Kılıçdaroğlu gelip geçici bir rüzgâr mı?

GEÇEN hafta “yıldızın parladığı dört buluşma anına” dikkat çekmiştim.

Madem dördüncü buluşma gerçekleşti ve Kemal Kılıçdaroğlu CHP Genel Başkanı seçildi gelin bugün Kılıçdaroğlu’nun estirdiği rüzgâra daha yakından bakalım...
Ne diyordu usta biyografi yazarı Stefan Zweig...
“Çağları aşan bir kararın bir tek takvime, bir tek saate, çoğu kez de yalnızca bir tek dakikaya sıkıştırıldığı anlara tarihin akışı içinde ender rastlanır. Ben böyle anlara insanlık tarihinde Yıldızın Parladığı Anlar diyorum.
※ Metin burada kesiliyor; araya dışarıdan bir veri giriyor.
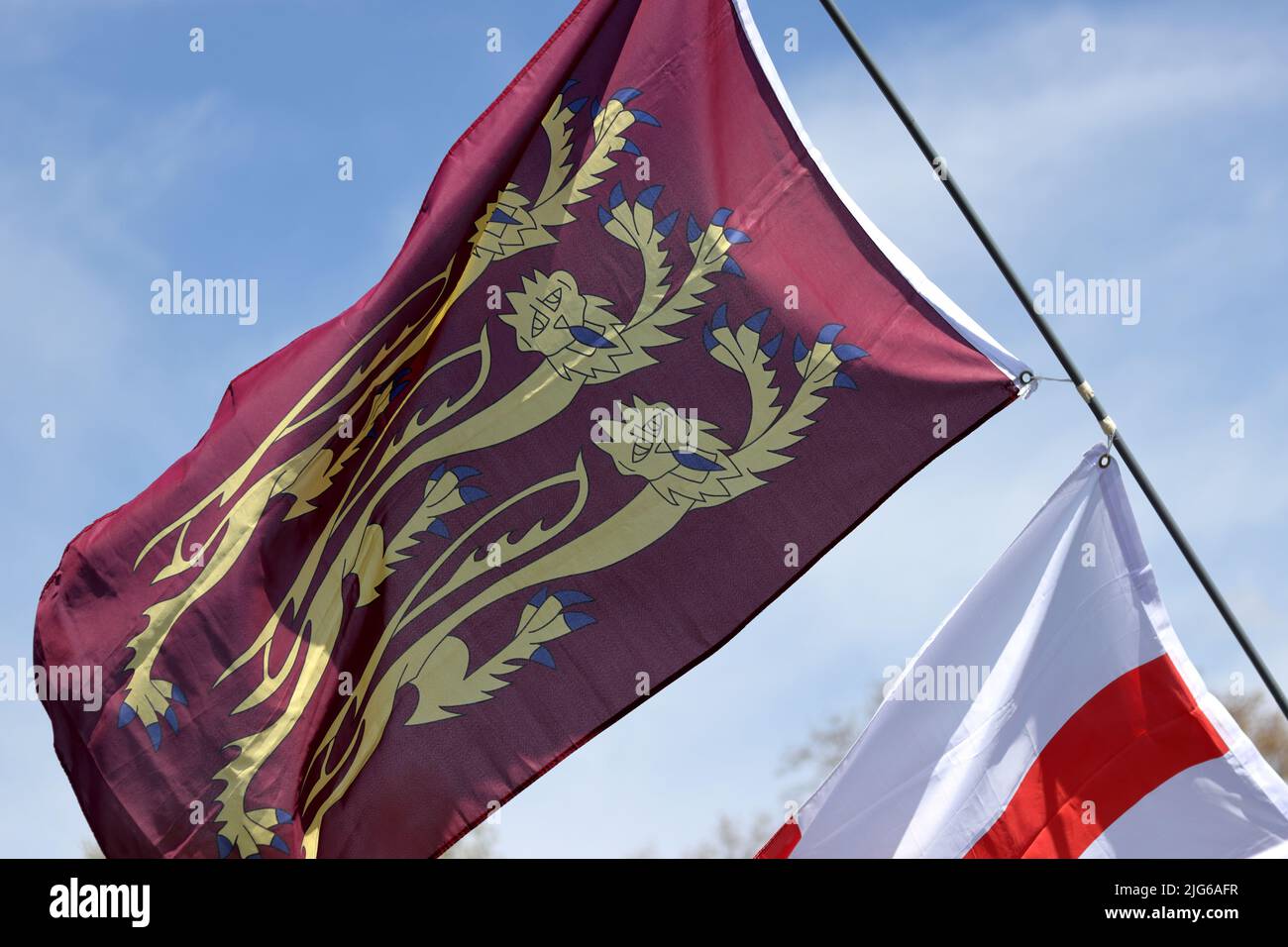 Flags of England Saint Cross and Three gold lions, a Royal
Çünkü onlar, tıpkı yıldızlar gibi, hiç değişmeden geçmişin karanlığına ışık tutarlar.”
¡ ¡ ¡
Kılıçdaroğlu’nun önce partisi CHP’de sonra da Türk siyasetinde estirdiği rüzgârı anlayamayanlar bunun medya tarafından estirilen ‘gelip geçici’ bir rüzgâr olduğunu iddia ediyorlar.
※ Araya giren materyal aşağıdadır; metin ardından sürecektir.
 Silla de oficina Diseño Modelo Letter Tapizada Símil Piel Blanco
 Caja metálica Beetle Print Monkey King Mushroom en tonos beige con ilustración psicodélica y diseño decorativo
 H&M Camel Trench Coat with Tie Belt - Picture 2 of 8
Oysa karşı karşıya olduğumuz siyasi tarihin akışında ender rastlanır bir an...
Aslında bir benzeri 2000’li yılların başında yaşandı...
Tayyip Erdoğan’ın öncülüğünde AK Parti, kurulduktan bir yıl sonra nasıl tek başına ‘muhafazakâr sağın’ iktidar alternatifi ve değişimin adresi olduysa, Kılıçdaroğlu’nun genel başkanlığında CHP de, ‘Kemalist solun’ yıllardır ertelenmiş değişim talebine karşılık geliyor...
¡ ¡ ¡
Evet, ortada bir rüzgâr hatta fırtına var, ama bu medyanın estirdiği gelip geçici bir rüzgâr değil, tabandan tavana yansıyan değişim talebi.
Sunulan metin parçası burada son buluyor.